**Task:**
Everything from the line holding "It's stupid rough, so" through the final line of the entries below is to be written out exactly, and nothing more; leave out pictures.

**Supplied material:**
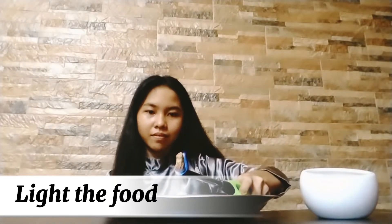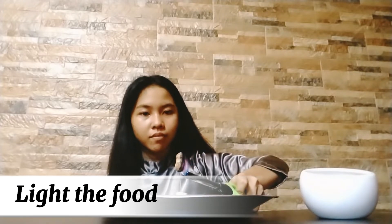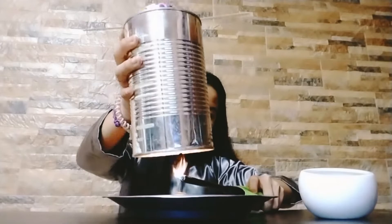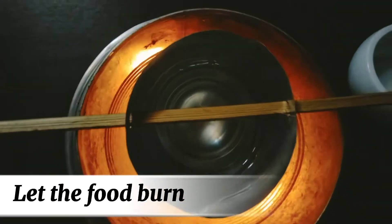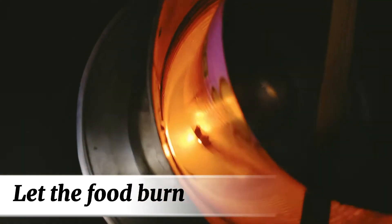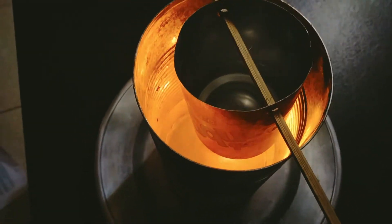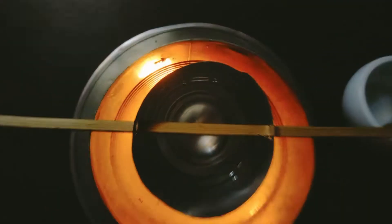Set the cork on a flat, non-flammable surface so that the food on the needle is sticking up. Light the food using a lighter, and as soon as it catches fire, place the can over it. Be very careful lighting the food and placing the can over it so that you don't burn yourself. Let the food burn — keep the cans over the food for as long as it takes to burn completely. As the food burns, it will heat the water in the small can that is suspended in the large can. Carefully watch the food as it burns; if it goes out before burning completely, relight it.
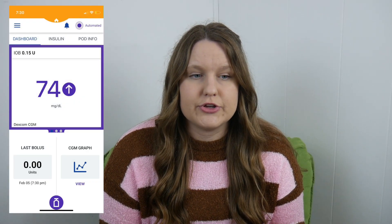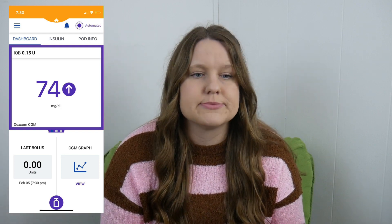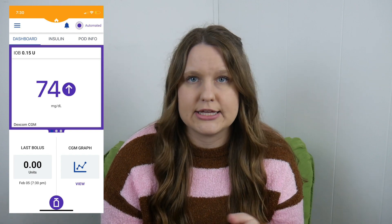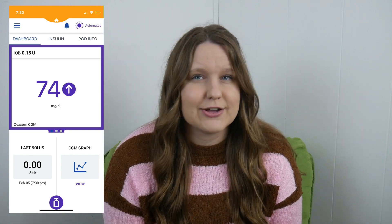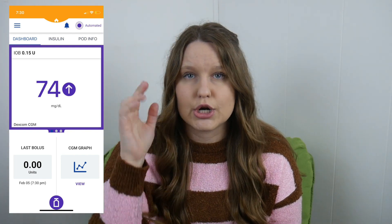I like that it's very obvious on your main screen whether you're in automated or manual mode — it's in the top right-hand corner in plain English. I also like that on the main screen you can see your Dexcom value, the trend arrow, and your insulin on board — all very accessible.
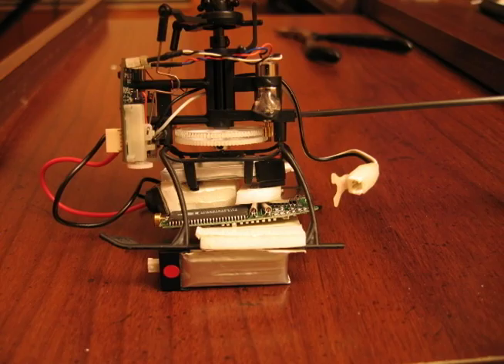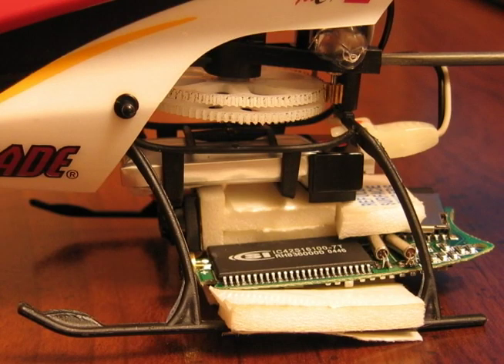Here's the first configuration with the camera slightly forward. Here's the final configuration with the camera moved back.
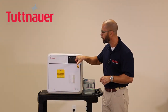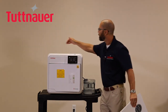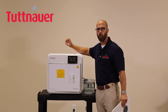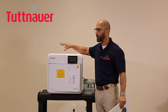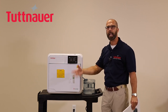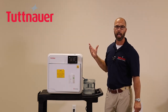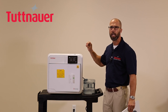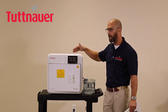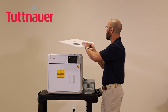The two teardrop icons on the display represent the two water reservoirs on top of the machine. The left teardrop is the clean water reservoir — this is where you fill distilled, mineral-free water. After each cycle, used water is pumped up into the waste water reservoir on the right. The clean reservoir holds about 155 ounces — a little over a gallon — giving you approximately 8 to 10 cycles per full reservoir.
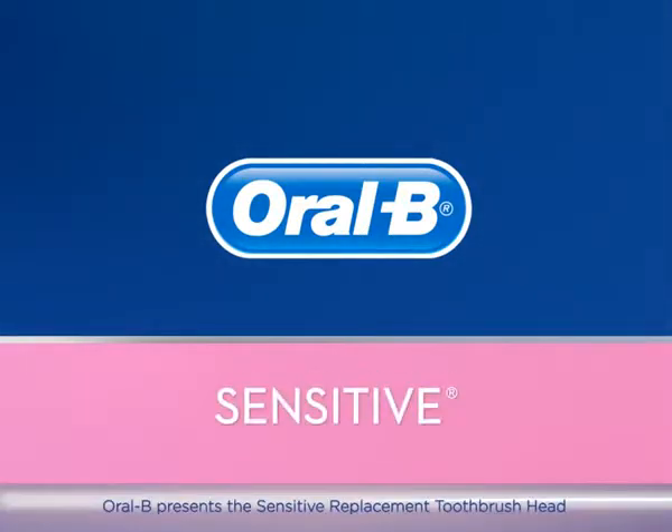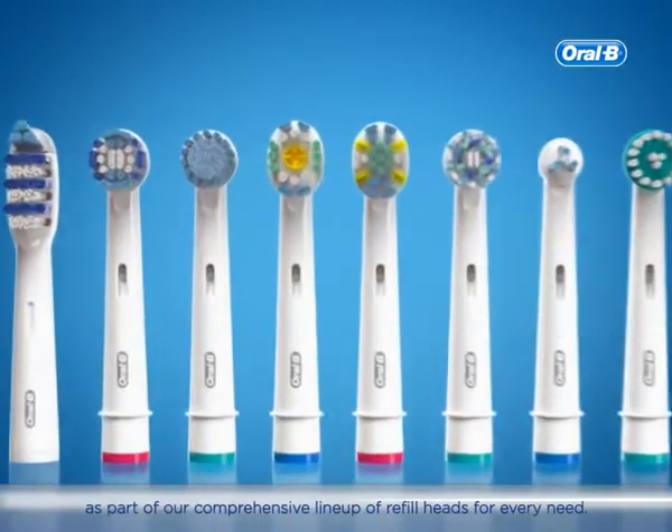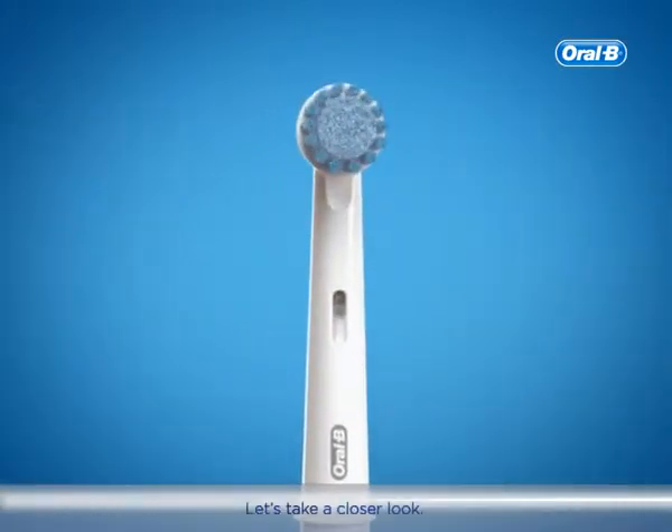Oral-B presents the sensitive replacement toothbrush head as part of our comprehensive lineup of refill heads for every need. Let's take a closer look.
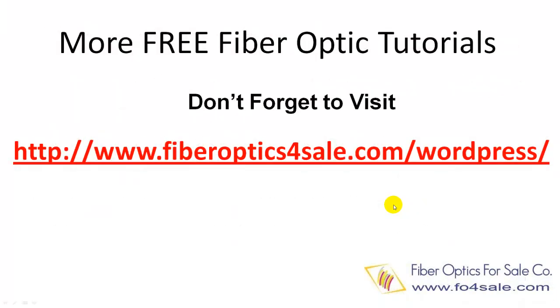Fiber Optic For Sale company has a blog offering many free fiber optic technology tutorials. Don't forget to check it out on the following URL.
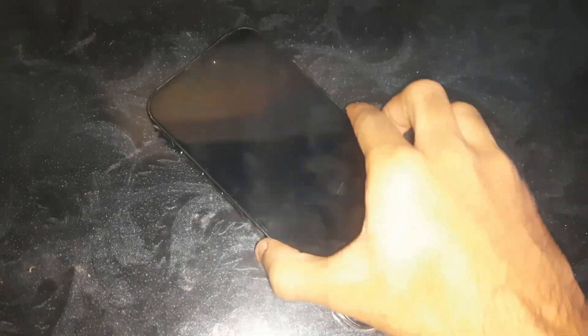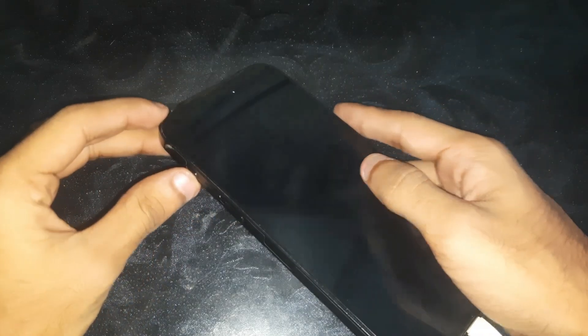Hey guys, welcome to Henry's channel. In this video we have an iPhone 14 Pro Max, and right now the phone is plugged in DFU mode. I'm gonna show you how to exit DFU mode on the iPhone 14 Pro Max.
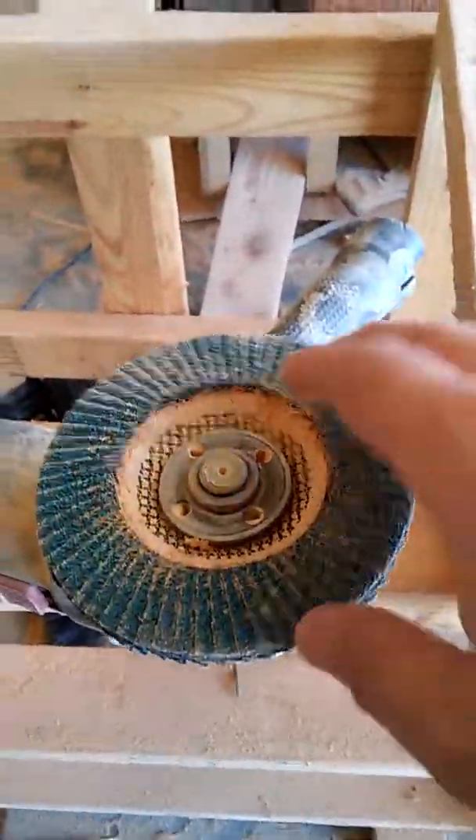It's stupid rough, so step one is to get it not rough. This is my angle grinder with my sander attachment — it tears it up and it's awesome.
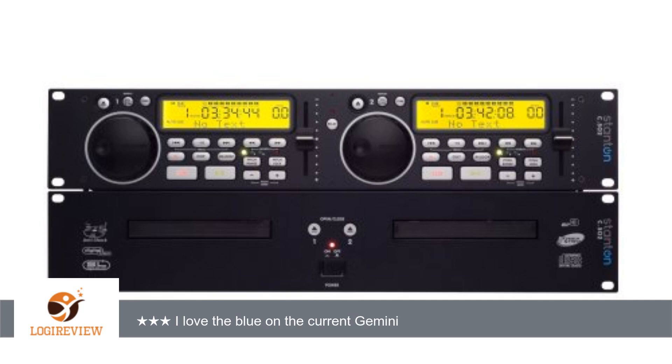When the CD is first inserted in the Stanton, it does not automatically queue. For some strange reason, the Stanton does not have a wait-for-an-stop button. I would not buy this unit again for that reason.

**Result for this exercise:**
It's stupid rough, so step one is to get it not rough. This is my angle grinder with my sander attachment — it tears it up and it's awesome.
When the CD is first inserted in the Stanton, it does not automatically queue. For some strange reason, the Stanton does not have a wait-for-an-stop button. I would not buy this unit again for that reason.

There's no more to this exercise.